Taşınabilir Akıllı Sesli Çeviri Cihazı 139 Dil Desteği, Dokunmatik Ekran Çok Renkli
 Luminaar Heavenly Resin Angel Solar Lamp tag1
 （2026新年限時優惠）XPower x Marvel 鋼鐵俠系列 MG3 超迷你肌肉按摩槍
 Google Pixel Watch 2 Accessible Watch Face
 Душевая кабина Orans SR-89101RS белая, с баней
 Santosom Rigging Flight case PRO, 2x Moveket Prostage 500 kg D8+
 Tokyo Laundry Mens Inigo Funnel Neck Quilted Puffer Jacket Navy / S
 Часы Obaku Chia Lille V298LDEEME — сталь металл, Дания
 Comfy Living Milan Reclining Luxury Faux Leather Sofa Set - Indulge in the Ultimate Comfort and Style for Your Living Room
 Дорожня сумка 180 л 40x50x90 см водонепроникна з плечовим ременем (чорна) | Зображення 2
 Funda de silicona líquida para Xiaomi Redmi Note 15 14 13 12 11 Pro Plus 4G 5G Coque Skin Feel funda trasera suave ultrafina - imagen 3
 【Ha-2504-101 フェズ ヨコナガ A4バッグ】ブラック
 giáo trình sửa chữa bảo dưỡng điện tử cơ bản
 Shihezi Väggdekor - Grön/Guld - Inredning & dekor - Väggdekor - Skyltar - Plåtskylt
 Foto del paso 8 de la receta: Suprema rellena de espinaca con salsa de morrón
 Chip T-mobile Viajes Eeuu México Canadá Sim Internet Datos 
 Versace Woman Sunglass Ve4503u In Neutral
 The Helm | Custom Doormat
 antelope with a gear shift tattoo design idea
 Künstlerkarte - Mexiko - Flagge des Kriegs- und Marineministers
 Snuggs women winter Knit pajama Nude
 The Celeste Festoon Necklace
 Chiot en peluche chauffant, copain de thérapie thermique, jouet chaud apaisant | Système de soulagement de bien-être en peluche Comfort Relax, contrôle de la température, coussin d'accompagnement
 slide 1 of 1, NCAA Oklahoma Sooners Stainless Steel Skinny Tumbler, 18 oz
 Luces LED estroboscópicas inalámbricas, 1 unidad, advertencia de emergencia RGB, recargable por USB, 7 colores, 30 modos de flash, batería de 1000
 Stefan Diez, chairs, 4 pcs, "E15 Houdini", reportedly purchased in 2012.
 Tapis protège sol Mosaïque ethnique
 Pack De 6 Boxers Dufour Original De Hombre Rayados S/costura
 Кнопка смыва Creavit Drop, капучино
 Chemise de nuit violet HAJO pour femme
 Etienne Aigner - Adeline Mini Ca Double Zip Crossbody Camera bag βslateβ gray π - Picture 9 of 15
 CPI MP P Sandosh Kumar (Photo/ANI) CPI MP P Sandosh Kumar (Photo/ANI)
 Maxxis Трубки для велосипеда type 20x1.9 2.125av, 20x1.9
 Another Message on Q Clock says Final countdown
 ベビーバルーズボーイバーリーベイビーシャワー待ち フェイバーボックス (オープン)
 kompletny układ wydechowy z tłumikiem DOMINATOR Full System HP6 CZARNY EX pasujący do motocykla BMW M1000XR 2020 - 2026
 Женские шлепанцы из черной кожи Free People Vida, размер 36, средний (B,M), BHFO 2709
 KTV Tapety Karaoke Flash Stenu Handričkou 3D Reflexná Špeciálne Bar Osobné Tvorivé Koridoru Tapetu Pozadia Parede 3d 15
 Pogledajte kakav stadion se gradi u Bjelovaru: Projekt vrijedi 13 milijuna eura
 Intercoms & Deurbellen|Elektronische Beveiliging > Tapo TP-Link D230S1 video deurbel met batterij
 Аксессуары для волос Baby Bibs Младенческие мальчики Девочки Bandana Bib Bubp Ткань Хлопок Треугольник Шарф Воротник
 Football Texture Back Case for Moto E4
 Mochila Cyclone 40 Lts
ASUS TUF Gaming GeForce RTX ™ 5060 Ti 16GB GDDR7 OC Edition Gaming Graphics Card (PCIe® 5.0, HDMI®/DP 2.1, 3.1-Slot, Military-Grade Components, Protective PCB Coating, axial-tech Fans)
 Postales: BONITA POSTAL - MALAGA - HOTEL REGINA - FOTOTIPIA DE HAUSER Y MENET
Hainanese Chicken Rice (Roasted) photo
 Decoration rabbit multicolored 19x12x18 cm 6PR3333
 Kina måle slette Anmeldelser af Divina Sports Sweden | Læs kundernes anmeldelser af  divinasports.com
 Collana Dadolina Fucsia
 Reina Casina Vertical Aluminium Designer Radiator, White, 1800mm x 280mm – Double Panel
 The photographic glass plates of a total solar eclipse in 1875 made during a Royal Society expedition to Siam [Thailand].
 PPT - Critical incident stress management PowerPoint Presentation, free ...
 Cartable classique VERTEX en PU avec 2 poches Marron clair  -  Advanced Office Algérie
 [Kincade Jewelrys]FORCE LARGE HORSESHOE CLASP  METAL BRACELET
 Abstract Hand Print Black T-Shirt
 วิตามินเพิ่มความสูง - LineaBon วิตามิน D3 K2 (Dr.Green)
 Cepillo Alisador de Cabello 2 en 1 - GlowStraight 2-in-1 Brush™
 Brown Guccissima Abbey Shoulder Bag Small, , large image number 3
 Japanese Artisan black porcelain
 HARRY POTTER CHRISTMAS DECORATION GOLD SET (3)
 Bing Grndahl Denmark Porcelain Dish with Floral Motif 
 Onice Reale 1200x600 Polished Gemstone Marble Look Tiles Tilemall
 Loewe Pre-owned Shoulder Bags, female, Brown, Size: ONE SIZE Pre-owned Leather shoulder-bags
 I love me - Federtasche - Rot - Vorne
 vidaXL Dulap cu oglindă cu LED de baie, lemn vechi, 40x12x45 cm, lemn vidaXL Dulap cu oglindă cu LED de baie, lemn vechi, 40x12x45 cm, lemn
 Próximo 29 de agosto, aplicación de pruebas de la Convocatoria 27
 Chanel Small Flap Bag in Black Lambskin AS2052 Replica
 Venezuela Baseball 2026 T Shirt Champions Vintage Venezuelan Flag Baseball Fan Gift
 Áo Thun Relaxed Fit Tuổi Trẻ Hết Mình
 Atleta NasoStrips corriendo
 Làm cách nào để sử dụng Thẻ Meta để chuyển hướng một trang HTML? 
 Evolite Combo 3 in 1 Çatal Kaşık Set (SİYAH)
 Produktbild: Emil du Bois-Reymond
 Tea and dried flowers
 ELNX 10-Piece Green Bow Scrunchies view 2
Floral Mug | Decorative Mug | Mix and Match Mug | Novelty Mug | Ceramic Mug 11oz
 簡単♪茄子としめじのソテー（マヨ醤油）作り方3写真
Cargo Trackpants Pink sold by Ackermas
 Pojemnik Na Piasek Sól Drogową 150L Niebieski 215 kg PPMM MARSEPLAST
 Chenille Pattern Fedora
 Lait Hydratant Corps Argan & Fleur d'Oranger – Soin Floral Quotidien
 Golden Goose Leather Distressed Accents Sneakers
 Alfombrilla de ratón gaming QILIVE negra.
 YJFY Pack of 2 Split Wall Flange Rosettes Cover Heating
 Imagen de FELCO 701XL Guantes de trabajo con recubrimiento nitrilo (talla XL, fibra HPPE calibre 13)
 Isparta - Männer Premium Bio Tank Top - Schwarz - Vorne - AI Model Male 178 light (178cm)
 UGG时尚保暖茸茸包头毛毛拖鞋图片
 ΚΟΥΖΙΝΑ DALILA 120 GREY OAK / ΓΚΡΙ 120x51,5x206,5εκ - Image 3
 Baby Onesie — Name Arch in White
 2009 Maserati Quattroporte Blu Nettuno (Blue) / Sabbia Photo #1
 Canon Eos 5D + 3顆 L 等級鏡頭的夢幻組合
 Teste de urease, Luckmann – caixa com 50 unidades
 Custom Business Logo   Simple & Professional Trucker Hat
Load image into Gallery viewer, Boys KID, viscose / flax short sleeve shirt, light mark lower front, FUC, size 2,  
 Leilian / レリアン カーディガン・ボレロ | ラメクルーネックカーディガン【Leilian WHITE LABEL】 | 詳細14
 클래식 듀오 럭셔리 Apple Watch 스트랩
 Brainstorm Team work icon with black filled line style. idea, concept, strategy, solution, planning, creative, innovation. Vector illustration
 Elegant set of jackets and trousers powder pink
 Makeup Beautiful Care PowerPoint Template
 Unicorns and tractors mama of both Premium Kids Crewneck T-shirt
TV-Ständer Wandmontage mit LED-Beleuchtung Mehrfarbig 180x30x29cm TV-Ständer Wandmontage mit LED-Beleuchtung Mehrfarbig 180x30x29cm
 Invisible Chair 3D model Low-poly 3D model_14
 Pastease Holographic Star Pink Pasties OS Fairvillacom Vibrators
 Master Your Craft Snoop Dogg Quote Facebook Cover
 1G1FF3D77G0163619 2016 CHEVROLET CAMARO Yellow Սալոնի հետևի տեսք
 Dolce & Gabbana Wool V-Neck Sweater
__________________________________________________
Work to complete:
Read the entries above and find each line holding the word "Your". Copy it out.

Result for this task:
 Comfy Living Milan Reclining Luxury Faux Leather Sofa Set - Indulge in the Ultimate Comfort and Style for Your Living Room
 Master Your Craft Snoop Dogg Quote Facebook Cover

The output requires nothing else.